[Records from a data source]
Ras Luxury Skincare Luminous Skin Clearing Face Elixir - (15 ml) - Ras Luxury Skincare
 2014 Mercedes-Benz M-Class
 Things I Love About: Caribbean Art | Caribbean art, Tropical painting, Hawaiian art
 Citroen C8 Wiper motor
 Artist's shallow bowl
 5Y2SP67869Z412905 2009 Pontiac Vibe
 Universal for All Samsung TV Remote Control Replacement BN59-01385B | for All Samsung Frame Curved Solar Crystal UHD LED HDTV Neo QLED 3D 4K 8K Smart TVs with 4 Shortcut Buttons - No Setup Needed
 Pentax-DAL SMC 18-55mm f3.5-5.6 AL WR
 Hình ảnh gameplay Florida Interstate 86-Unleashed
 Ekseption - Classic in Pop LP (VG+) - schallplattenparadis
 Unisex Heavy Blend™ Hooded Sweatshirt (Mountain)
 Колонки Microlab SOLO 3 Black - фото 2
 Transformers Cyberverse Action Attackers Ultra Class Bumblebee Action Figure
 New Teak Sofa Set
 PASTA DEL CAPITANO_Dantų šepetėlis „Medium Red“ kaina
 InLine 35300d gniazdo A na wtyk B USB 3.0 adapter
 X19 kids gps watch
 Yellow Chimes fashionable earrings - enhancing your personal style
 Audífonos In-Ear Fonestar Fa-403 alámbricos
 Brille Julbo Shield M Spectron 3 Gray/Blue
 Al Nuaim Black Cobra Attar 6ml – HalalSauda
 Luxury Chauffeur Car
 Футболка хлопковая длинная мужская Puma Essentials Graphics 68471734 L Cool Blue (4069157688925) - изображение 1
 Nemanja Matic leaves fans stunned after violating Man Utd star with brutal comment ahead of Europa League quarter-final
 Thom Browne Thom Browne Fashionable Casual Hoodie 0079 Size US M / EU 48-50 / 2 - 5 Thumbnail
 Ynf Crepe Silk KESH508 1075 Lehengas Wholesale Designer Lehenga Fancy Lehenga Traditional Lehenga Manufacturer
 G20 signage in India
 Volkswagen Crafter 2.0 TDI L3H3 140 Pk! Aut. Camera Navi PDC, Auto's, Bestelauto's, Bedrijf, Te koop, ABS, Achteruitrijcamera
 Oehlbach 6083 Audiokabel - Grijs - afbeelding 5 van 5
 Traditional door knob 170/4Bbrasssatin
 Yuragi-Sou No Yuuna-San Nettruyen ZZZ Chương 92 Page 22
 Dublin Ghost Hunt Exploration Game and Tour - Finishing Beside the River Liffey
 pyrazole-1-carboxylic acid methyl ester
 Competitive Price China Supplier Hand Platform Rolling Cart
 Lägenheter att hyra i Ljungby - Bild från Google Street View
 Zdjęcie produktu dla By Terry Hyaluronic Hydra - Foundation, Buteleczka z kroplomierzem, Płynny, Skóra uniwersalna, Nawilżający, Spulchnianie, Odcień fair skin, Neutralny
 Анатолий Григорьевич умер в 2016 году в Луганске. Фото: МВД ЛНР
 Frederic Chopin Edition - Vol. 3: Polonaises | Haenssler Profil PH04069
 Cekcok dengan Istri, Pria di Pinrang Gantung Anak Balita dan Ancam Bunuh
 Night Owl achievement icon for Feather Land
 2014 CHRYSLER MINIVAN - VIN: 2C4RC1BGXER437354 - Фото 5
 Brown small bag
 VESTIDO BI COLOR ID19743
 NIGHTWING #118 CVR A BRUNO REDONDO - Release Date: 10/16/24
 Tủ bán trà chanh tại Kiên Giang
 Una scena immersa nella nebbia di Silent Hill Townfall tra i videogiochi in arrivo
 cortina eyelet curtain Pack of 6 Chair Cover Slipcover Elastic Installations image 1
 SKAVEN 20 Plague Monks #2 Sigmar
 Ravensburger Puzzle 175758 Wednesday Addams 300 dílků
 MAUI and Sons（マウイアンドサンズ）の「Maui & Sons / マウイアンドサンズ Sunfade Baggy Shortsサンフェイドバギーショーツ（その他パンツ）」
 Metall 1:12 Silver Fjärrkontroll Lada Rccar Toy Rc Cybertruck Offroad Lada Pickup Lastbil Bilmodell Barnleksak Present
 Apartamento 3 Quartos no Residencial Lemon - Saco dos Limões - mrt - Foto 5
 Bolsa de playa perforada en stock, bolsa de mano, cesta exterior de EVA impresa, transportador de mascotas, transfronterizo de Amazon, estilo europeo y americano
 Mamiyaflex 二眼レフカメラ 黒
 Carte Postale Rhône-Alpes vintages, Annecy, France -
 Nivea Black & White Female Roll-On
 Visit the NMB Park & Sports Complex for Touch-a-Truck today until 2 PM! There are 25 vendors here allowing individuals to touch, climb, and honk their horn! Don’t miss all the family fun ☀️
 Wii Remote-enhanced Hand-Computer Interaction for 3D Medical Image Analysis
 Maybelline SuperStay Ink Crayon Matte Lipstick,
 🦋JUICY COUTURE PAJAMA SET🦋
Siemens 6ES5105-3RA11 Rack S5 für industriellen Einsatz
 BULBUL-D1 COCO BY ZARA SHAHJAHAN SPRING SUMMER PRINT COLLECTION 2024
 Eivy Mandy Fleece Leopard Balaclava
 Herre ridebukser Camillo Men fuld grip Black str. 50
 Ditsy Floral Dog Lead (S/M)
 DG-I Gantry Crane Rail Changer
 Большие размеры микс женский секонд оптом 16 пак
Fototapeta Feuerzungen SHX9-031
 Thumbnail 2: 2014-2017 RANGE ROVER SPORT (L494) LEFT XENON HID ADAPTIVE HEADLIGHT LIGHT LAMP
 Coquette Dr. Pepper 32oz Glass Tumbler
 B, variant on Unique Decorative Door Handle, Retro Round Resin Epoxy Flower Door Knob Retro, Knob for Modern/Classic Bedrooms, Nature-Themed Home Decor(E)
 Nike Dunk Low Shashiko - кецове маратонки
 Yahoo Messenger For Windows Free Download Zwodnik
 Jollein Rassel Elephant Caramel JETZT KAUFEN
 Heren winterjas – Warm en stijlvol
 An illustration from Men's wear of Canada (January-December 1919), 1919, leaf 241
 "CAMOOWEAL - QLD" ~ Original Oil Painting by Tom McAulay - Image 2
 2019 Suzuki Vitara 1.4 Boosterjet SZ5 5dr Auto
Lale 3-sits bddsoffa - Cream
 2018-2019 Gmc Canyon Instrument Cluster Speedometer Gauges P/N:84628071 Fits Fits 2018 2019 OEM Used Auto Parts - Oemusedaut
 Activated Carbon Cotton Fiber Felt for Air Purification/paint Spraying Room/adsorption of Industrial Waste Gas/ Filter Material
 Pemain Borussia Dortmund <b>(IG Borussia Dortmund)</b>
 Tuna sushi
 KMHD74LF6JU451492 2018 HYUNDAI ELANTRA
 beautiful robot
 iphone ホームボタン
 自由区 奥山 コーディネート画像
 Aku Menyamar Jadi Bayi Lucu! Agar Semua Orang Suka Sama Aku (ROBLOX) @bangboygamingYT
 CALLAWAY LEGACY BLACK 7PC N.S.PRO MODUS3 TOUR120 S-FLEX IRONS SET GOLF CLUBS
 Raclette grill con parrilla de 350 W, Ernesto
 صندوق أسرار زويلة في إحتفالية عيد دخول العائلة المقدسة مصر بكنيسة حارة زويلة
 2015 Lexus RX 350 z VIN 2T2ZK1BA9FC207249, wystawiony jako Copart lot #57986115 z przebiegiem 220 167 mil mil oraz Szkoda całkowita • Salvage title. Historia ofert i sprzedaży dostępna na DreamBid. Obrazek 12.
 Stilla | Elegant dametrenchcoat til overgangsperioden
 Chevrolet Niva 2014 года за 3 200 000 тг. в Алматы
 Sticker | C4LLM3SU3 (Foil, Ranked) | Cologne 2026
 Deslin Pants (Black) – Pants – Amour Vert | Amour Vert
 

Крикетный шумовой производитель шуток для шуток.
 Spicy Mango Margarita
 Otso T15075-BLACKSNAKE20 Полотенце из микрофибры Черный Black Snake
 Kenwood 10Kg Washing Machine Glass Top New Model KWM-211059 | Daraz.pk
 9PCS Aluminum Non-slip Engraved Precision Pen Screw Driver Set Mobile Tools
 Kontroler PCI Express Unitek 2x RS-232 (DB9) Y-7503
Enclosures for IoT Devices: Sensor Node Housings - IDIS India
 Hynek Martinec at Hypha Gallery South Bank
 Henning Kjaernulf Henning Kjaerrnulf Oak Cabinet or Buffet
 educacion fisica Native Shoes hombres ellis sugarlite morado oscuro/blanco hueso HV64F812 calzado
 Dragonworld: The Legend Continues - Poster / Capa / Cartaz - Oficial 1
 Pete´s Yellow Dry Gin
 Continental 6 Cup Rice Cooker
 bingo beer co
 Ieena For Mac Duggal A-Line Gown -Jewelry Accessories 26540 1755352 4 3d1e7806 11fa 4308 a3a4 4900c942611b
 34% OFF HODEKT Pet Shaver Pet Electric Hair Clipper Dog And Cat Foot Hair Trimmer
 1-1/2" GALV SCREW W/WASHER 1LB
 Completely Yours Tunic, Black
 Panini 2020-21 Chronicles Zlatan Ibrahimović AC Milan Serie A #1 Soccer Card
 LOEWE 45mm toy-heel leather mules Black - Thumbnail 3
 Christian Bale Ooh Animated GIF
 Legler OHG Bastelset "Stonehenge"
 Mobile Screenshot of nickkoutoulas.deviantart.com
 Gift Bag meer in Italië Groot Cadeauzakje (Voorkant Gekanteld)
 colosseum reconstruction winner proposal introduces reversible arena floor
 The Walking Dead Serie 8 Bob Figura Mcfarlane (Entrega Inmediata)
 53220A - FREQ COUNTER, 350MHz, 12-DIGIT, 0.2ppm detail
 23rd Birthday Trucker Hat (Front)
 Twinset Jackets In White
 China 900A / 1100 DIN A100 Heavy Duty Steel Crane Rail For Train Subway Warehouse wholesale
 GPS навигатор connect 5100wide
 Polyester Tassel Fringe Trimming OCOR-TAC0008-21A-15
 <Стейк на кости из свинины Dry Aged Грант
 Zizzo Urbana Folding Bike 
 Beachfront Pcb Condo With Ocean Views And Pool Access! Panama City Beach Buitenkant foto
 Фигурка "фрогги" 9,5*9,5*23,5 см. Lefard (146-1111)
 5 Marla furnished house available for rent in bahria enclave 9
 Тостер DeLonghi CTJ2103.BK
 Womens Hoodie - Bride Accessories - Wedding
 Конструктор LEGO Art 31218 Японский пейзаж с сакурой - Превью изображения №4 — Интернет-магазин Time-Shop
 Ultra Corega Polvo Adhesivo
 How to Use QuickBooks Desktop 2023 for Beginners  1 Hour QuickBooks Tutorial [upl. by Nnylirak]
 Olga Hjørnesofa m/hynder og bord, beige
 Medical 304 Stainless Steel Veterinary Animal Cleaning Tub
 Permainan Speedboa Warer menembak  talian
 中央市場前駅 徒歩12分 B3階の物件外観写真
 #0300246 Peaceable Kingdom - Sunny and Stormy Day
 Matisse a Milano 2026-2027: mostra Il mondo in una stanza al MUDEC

## [What you should do]
Which lines of the data contain the string "Auto"? Copy each of them.

## [Completed task]
 Volkswagen Crafter 2.0 TDI L3H3 140 Pk! Aut. Camera Navi PDC, Auto's, Bestelauto's, Bedrijf, Te koop, ABS, Achteruitrijcamera
 2019 Suzuki Vitara 1.4 Boosterjet SZ5 5dr Auto
 2018-2019 Gmc Canyon Instrument Cluster Speedometer Gauges P/N:84628071 Fits Fits 2018 2019 OEM Used Auto Parts - Oemusedaut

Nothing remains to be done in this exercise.